Transcribe the listing exactly, so that nothing but the pictures is missing.

Data block –
* * * * * * *

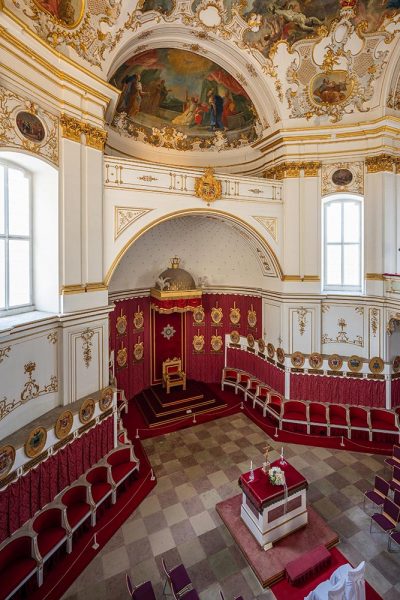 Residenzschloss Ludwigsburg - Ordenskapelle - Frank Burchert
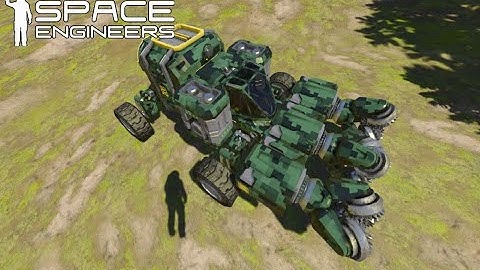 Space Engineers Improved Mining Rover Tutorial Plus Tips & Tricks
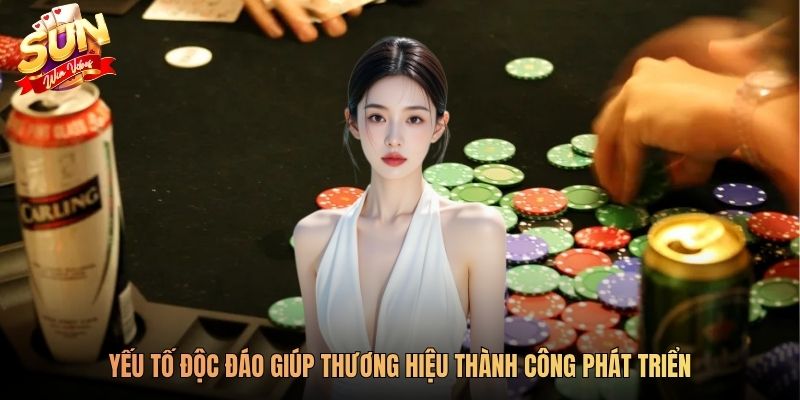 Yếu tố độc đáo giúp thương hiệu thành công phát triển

* * * * * * *

Exercise response –
 Residenzschloss Ludwigsburg - Ordenskapelle - Frank Burchert
 Space Engineers Improved Mining Rover Tutorial Plus Tips & Tricks
 Yếu tố độc đáo giúp thương hiệu thành công phát triển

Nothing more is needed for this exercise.